7995. — DE FRÉDÉRIC II, ROI DE PRUSSE.
Potsdam, 18 août[1].

Ne cachez point votre lumière sous le boisseau[2]. C’était sans doute à vous que ce passage s’adressait ; votre génie est un flambeau qui doit éclairer le monde. Mon partage a été celui d’une faible chandelle qui suffit à peine pour m’éclairer, et dont la pâle lueur disparaît à l’éclat de vos rayons. J’écris pour m’instruire et pour m’amuser : cela me suffit.
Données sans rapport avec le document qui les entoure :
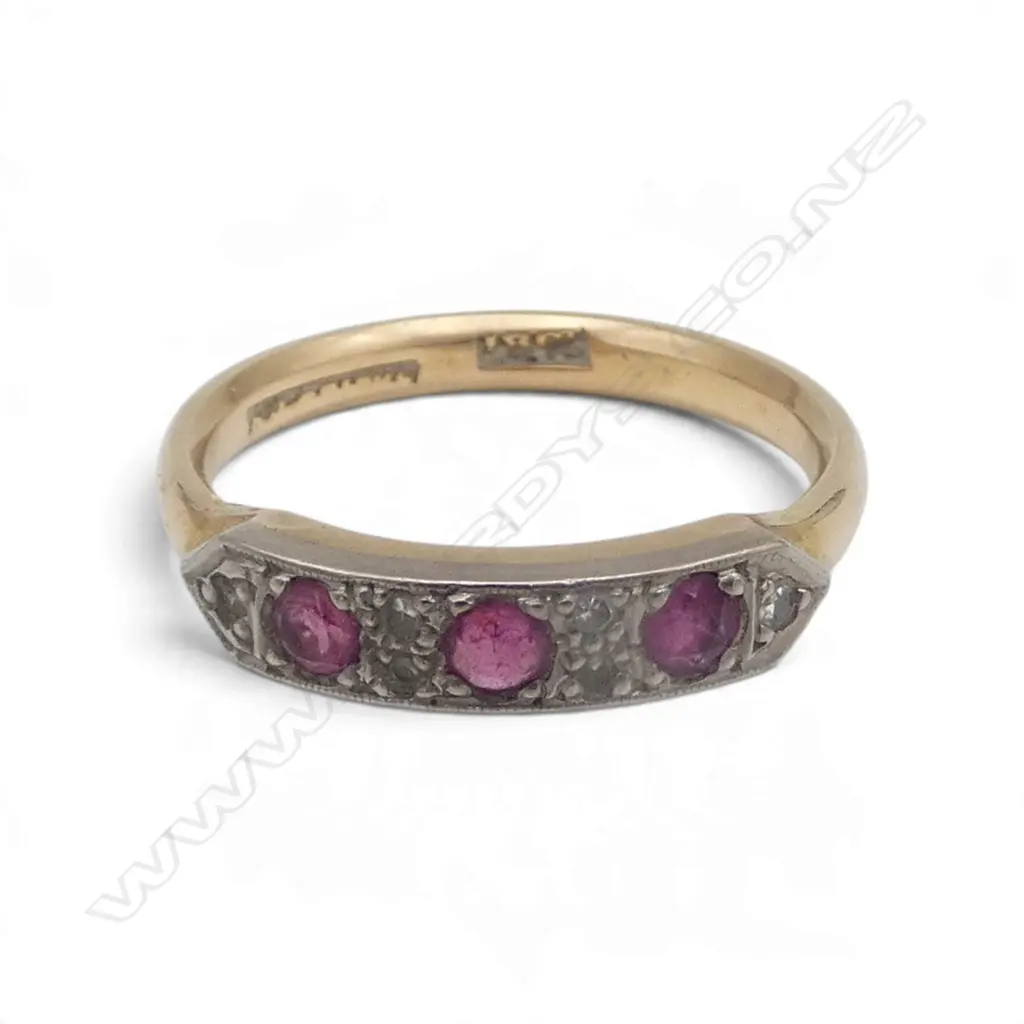 VINTAGE 18ct YELLOW GOLD RUBY & DIAMOND RING 3.5gms SIZE N Image 1++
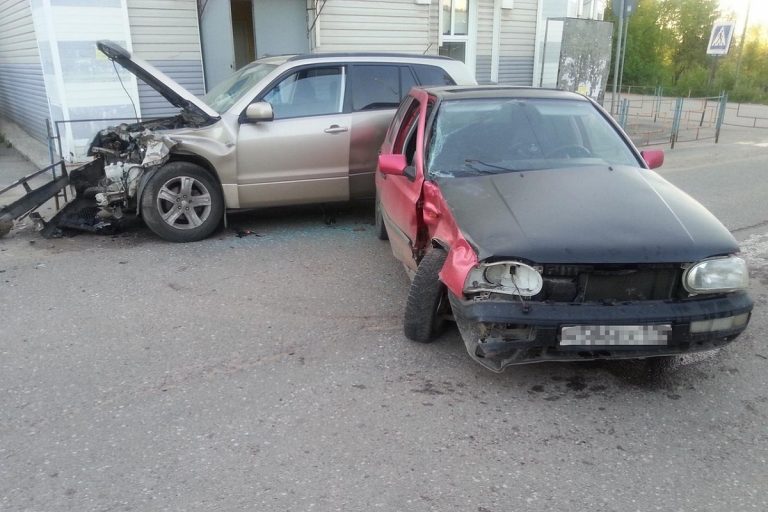 В Тверской области в столкновении двух иномарок пострадали водитель и пассажир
Lorsque j’eus achevé mon ouvrage contre l’athéisme[3], je crus ma réfutation très-orthodoxe ; je la relus, et je la trouvai bien éloignée de l’être. Il y a des endroits qui ne sauraient paraître sans effaroucher les timides et scandaliser les dévots. Un petit mot qui m’est échappé sur l’éternité du monde me ferait lapider dans votre patrie, si j’y étais né particulier, et que je l’y eusse fait imprimer. Je sens que je n’ai point du tout l’âme ni le style théologiques. Je me contente donc de conserver en liberté mes opinions, sans les répandre et les semer dans un terrain qui leur est contraire[4].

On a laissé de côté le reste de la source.